Tuesday, September 21, 2010

A Slice of Life on the Red Line


It’s 8:30 AM the Friday before Labor Day weekend. Young and old, black and white get on the train at Jarvis. A black man wearing a business suit gets on at Morse. At Loyola there’s a white women with a stroller, and a black woman on her cell phone. A young girl texts a friend. A man in torn jeans calls but there is no answer. He’s holding a note pad and a large dictionary.

I also was holding a note pad that day. I observed who got on and who got off the Red Line at each stop from Howard to 95th Street and back again. It took about 3 hours all told. I saw the neighborhoods change as the passengers changed - - in dress, skin color, and temperment. I saw people moving in the world together, yet silently sitting in their own silent worlds while en route to their own private destinations. The only break in the library-like silence of the train was the occasional giggle of little children who didn’t know any better.

At Bryn Mawr a black boy waves to another passenger and makes them laugh. while other riders talk on the phone, text their friends, and listen to their iPods. At Berwyn, the boys’ mother holds her phone up to her son’s ear to have him join her conversation with a friend. When the child departs with his mother at Lawerence, he waves goodbye.
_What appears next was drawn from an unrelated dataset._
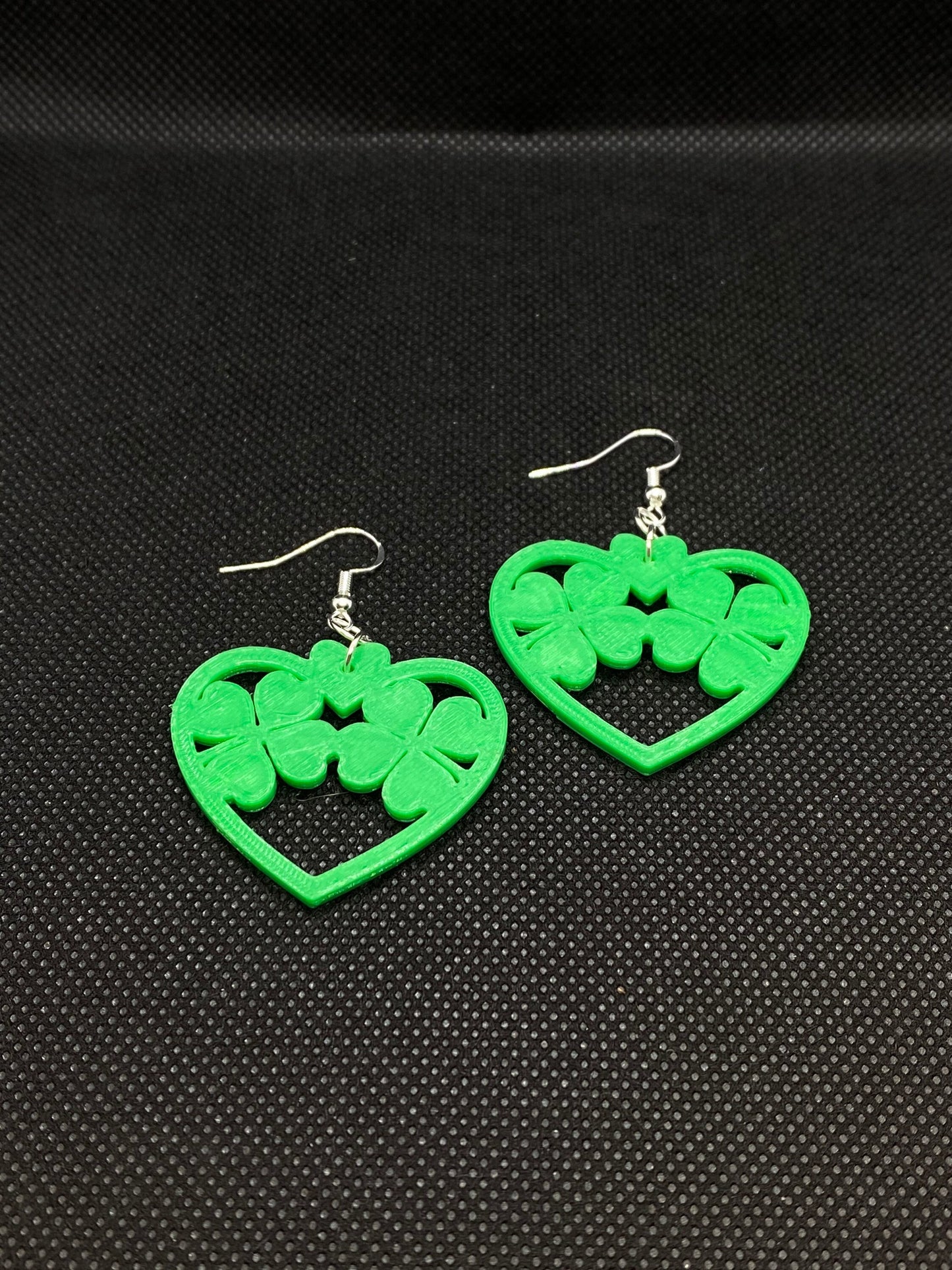 3D Printed Heart 4 Leaf Clover Earrings/Custom Color Orders/4 leaf Clover/St. Patricks Day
The diversity of the passengers is apparent at Lawerence as white, black and Hispanic board the train. At Jackson, the same diversity is visible amidst the sounds of a street performer who sings hip hop as the doors are closing. At Grand and Roosevelt, two Asian men board the train, and an Indian man boards at Garfield Park.

On the north side, passengers are largely white, wearing jeans or shorts. A girl sits next to me reading her eBook while holding a cup of coffee in her other hand. Several white men on the train choose to stand near the doors even though there are seats available.

On the south side, black passengers follow social norms that are less formal. Many nod off and sleep, some eat their breakfast, talk audibly on their cell phones, or put their feet up on a nearby seat while singing along with their MP3 player.
The racial divide on the morning train is obvious at Jackson, Monroe, and Chicago. Black men and women exit and white men and women get on. Also, white men exit at 35th street for the Sox game, and at the Addison stop for the Cub game.

No one boards the train at Granville and Argyle on the north side or 63rd, 69th, and 87th on the south side. At 79th street I realize for the first time that I am the only white person on the train car. For a moment I feel fearful. Then I smell pickles and see a woman behind me grab an onion ring from her Burger King sack and I realize I’m just part of the fabric of a diverse tapestry of people who ride the Red Line on the way to somewhere each day.